* Work item
Wherever a picture appears in the listing, leave it out, and copy the rest exactly.

* Data below
=-=-=-=-=
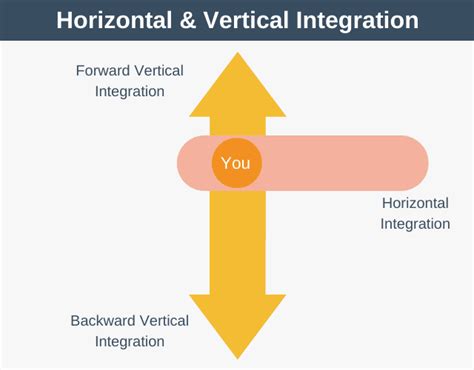 Horizontal Integration Explained 的图像结果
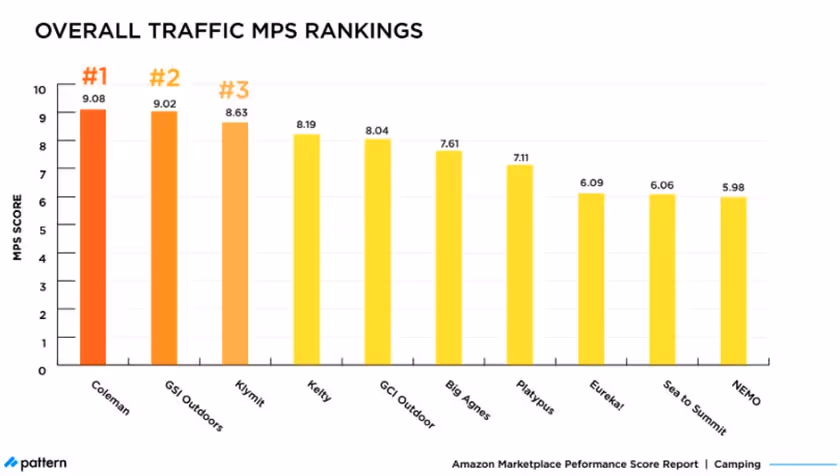 overall traffic MPS rankings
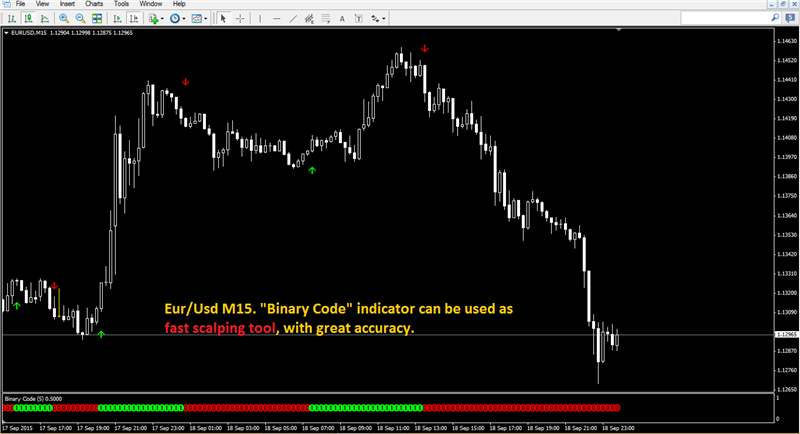 100% Non Repaint Forex Scalping Indicator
=-=-=-=-=
* Answer for the task
 Horizontal Integration Explained 的图像结果
 overall traffic MPS rankings
 100% Non Repaint Forex Scalping Indicator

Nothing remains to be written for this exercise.